In fact, this is the task that the Canon Law Society of the Philippines proposed to tackle in its National Convention in May 2011. As a starting point for the canonical investigation, the CLSP Execom identified a little-known document of the Holy See, which was issued in 1997. To arouse interest in this topic, we shall revisit that document in this and the following issue of the CBCP Monitor.

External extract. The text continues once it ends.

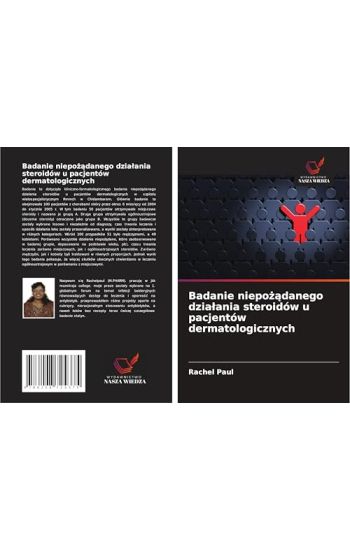 Badanie niepo¿¿danego dzia¿ania steroidów u pacjentów dermatologicznych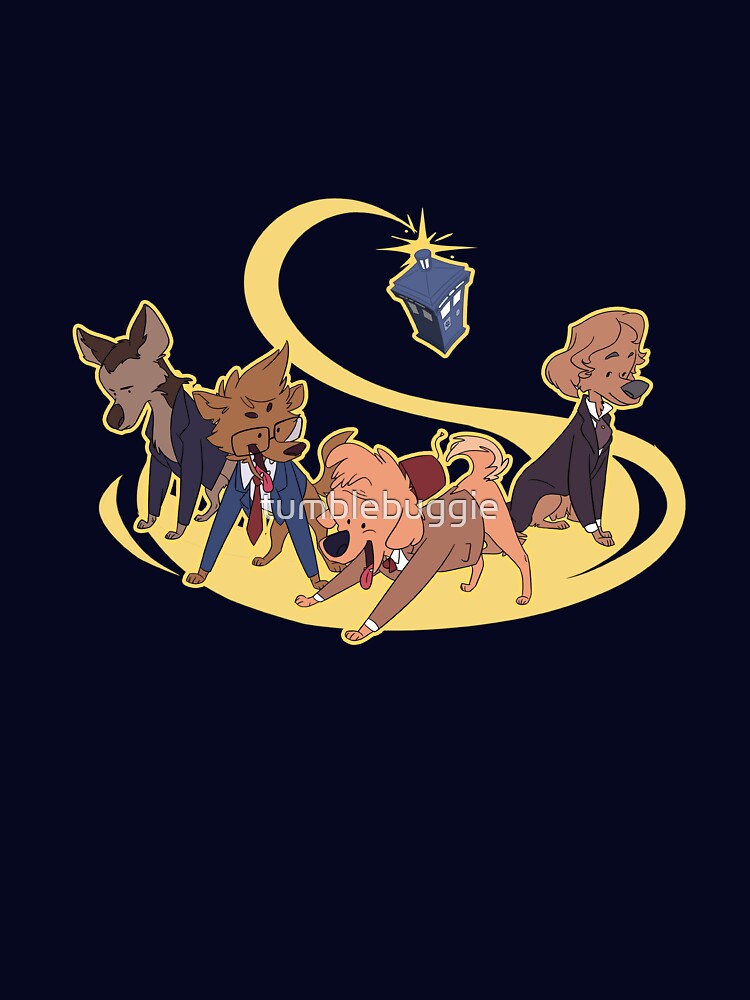 modern who dogtors by tumblebuggie T-Shirts, Hoodie, Sweatshirt | BlankRebels.com (Image 3)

The Instruction Ecclesia de Mysterio
On 13 November 1997, the Pro Prefect of the Congregation for the Clergy, presented to the Press the Instruction Ecclesia de Mysterio, On Certain Questions Regarding the Collaboration of the Non ordained Faithful in the Sacred Ministry of Priests. The document reaffirmed the teaching of the Second Vatican Council (especially of Lumen Gentium, n.33 and Apostolicam Actuositatem, n.24). Its main purpose was to acknowledge and promote what is specific to the vocations of the lay faithful and of ordained ministers, with the goal of encouraging real communion in the Church.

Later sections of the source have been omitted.